ÜRETMEZSENİZ İSTİHDAM ALANI YARATMAZSINIZ: İstihdam alanı yaratmak zorundasınız ama üretmezseniz istihdam alanı yaratmazsınız. Temel bir sorunumuz var ekonomik büyüklükler Ankara, İstanbul, İzmir, Bursa gibi yerlere kaydı Anadolu’nun içi boşaldı, sizin teşvik etmeniz ve Anadolu’nun içinde yeni cazibe merkezleri yaratmanız lazım. Bizim şöyle bir hedefimiz var; Samandağ’dan başlayarak Mersin’e kadar olan o havzayı Akdeniz’in en önemli sanayi merkezi haline dönüştürmek istiyoruz. Doğu Akdeniz’de çıkan doğal gazın Mersin üzerinden Avrupa’ya gitmesi ve enerjide maliyeti 3 sente kadar düşürme konusunda bir projemiz var. Aynı zamanda katma değeri yüksek ürünler üretilecek bu bölgede ve bu bölge için özel bir yasal düzenleme yapılacak. Bu düzenlemeyi yapar da 5’inci yılın sonuna geldiğimizde İstanbul’un nüfusuz 2,5 milyon kişi azalacak çünkü inşalar bu bölgeye gelecekler. Eğer Yozgat’ta, Kayseri’de, Çorum’da bir fabrikanız var ve malınız ihraç etmek istiyorsanız demir yoluyla taşınmak kaydıyla limana, demir yolu harcamalarının tamamını kamu karşılayacak.

(Siyasette kadınların geride kalmışlığı konusunda ne düşünüyorsunuz?) Siyasi partiler yasası 12 Eylül darbesinden sonra çıktığı için orada cinsiyet kotası gelmesi lazım ve yüzde 50’ye 50 olması lazım. O zaman siyasette taşlar yerine oturacak. Bu konuda biz bir hazırlık yaptık 306 kadın örgütüyle konuştuk, görüşünü aldık ve parlamentoya bir yasa teklifi sunduk, sunduğumuz yasa teklifinde yüzde 50 cinsiyet kotası vardı fakat maalesef AK Parti ve MHP oylarıyla reddedildi ama bunu hayata geçireceğiz.

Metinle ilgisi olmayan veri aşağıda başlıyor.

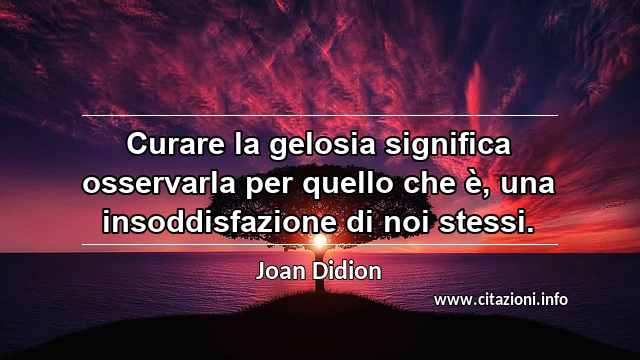 “Curare la gelosia significa osservarla per quello che è, una insoddisfazione di noi stessi.”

SİZE SÖZÜMDÜR; SABAHIN 6’SINDA KAPINIZI ÇALARSA GELENİN SÜTÇÜ OLDUĞUNU GÖRECEKSİNİZ, POLİS DEĞİL: Önce helalleşme konusunda anlaşalım, bazen şöyle anlıyorlar adam malı götürmüş gel helalleşelim, orada helalleşme yok. Hiç kimse düşüncelerinden ötürü yargılanamaz ve hapse atılamaz, insanlığın temel felsefesidir bu. Hakaret içermemek kaydıyla hiç kimse suçlanamaz. Size açık ve net sözümdür; sabahın 6’sında kapınızı çalarsa bilin ki gelenin sütçü olduğunu göreceksiniz, polis değil. Ve hiçbir genç siyasi otoriteyi veya siyasi gücü eleştirdi diye, sadece gençler değil kim olursa olsun eleştirdi diye asla yargılanamaz. O konuda da size açık ve net söylüyorum; bana oy verin, der de bir çağrı yaparsam; bunun tek gerekçesi var beni özgürce eleştirebileceğiniz bir dünyayı size vaat ettiğimiz için.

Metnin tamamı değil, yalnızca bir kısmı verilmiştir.